An Earthquake hit the Greek island of Kefalonia on Sunday, wrecking buildings and roads and causing some minor injuries to local residents. Authorities reported that the Kefalonia earthquake reached a magnitude of 5.8 and rocked the small island.
The Geodynamic Institute, based in Athens, the capital of Greece, said the earthquake’s epicenter was 175 miles west of the capital near to Lixouri and was at a depth of around 11 miles.
Local media reported that some people suffered from injuries, mainly caused by falling objects in buildings. The local airport’s control tower was also damaged in the quake and numerous rock falls were reported.
Manolis Skordilis, a professor at the University of Thessaloniki spoke to AP about the Kefalonia earthquake:
“It is too early to say if this is the main earthquake, although it likely is,” he said, continuing, “This area shows the highest incidence of seismic phenomena, not only in Greece, but on an east-west axis stretching from Gibraltar to China. In 1983, there was a 7 magnitude quake in the same area… We have already had many aftershocks and expect many more.”

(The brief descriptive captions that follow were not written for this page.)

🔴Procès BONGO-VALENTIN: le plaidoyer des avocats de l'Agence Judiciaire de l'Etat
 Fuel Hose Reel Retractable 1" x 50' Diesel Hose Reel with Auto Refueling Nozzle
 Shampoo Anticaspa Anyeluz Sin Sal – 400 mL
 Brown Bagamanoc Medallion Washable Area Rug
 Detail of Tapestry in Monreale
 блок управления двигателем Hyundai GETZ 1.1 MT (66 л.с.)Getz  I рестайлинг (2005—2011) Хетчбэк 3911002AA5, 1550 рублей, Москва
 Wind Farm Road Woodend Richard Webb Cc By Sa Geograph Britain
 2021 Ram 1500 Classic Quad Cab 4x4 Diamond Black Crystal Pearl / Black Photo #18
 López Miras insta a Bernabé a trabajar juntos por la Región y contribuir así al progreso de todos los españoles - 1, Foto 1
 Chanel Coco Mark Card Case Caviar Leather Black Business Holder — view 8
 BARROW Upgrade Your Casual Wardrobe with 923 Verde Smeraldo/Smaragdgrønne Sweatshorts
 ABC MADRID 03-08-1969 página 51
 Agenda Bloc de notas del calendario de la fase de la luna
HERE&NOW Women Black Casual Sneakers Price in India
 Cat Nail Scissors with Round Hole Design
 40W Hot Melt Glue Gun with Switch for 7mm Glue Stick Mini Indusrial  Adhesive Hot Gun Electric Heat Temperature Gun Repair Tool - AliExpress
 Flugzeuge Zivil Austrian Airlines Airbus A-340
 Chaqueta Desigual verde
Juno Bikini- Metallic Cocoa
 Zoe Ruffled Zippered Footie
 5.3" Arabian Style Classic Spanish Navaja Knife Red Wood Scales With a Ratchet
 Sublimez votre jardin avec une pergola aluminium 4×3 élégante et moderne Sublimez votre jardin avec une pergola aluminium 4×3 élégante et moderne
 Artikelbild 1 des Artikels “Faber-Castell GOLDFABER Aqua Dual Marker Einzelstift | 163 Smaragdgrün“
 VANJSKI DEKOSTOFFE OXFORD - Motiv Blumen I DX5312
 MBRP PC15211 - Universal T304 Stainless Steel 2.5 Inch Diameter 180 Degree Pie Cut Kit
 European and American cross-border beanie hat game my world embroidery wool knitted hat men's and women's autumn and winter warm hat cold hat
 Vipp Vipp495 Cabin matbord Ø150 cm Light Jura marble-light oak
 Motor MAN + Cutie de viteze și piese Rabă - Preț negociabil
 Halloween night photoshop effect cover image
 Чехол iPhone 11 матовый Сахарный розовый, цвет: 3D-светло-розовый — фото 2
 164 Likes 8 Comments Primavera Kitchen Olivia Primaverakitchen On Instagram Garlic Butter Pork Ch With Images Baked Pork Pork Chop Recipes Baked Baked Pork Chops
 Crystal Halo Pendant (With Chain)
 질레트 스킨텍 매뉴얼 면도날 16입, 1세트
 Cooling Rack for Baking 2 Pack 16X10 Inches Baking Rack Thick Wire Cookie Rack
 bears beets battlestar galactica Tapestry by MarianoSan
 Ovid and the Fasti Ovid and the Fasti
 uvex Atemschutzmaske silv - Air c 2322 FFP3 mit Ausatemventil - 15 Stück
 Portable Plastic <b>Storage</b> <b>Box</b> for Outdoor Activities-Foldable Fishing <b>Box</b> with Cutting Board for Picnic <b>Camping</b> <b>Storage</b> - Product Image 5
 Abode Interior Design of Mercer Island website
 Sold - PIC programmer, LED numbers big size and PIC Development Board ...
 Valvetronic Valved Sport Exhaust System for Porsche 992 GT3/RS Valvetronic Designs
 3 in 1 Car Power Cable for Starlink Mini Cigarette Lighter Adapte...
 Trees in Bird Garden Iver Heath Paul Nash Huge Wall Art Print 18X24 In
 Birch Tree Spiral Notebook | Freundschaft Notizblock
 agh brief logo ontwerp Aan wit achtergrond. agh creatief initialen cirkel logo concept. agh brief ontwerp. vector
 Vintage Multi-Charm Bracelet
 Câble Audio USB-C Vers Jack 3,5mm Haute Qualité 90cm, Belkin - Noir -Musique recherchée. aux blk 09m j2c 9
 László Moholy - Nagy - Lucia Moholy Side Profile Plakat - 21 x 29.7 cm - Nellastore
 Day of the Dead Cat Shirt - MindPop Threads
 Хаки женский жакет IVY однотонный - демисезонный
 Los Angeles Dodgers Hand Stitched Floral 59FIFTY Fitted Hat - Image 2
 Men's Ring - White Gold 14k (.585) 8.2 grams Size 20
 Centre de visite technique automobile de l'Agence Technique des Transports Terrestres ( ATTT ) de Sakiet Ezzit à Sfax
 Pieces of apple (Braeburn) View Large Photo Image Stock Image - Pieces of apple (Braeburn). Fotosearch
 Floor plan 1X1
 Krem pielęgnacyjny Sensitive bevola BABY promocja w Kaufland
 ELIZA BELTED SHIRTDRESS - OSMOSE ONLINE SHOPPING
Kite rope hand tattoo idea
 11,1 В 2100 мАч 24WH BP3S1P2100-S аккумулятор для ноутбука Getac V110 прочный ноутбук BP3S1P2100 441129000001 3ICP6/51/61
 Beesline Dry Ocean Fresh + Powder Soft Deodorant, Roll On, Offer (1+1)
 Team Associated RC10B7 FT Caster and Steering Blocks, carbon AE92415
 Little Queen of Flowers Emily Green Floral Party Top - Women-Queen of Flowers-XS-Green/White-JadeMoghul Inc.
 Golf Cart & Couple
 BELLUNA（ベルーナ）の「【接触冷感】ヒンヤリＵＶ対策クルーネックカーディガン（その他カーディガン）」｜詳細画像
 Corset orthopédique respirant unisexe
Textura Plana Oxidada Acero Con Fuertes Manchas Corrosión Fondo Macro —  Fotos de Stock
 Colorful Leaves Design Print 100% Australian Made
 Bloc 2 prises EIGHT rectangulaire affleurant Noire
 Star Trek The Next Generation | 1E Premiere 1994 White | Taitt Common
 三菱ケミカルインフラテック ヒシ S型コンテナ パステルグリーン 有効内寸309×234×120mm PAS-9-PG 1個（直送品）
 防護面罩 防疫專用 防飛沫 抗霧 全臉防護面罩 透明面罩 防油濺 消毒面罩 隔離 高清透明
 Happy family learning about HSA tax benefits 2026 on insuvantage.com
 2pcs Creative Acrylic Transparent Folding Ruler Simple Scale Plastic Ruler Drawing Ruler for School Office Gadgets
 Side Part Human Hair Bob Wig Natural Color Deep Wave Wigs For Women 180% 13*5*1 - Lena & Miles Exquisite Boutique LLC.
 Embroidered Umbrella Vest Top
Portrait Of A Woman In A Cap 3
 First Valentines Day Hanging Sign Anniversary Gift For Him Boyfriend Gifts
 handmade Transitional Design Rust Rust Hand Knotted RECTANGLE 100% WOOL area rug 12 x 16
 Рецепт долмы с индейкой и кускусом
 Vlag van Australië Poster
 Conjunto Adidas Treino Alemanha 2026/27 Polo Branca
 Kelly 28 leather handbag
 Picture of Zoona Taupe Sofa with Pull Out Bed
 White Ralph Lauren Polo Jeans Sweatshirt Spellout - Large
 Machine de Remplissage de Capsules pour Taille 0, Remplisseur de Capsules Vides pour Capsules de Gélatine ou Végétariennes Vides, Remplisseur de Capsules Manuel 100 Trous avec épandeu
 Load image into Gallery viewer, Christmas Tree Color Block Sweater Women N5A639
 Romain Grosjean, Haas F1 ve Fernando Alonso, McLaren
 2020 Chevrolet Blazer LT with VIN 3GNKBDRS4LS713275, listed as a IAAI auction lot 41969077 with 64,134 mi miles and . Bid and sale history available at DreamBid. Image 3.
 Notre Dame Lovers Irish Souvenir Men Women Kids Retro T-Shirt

In the three hours following the earthquake, at least 12 aftershocks of various sizes were recorded, all with a magnitude of at least 3.0. Costas Papazahos, a seismology professor, also from the University of Thessaloniki, said that in his opinion the 5.8 reading, which was preliminary, will prove to be even higher, possibly at a 6 or 6.2-magnitude.
It remains to be seen whether or not Professor Papazahos is correct in his assertion that today’s Kefalonia earthquake exceeded 6 on the Richter scale, as the Greek authorities work tirelessly to help injured residents and restore power.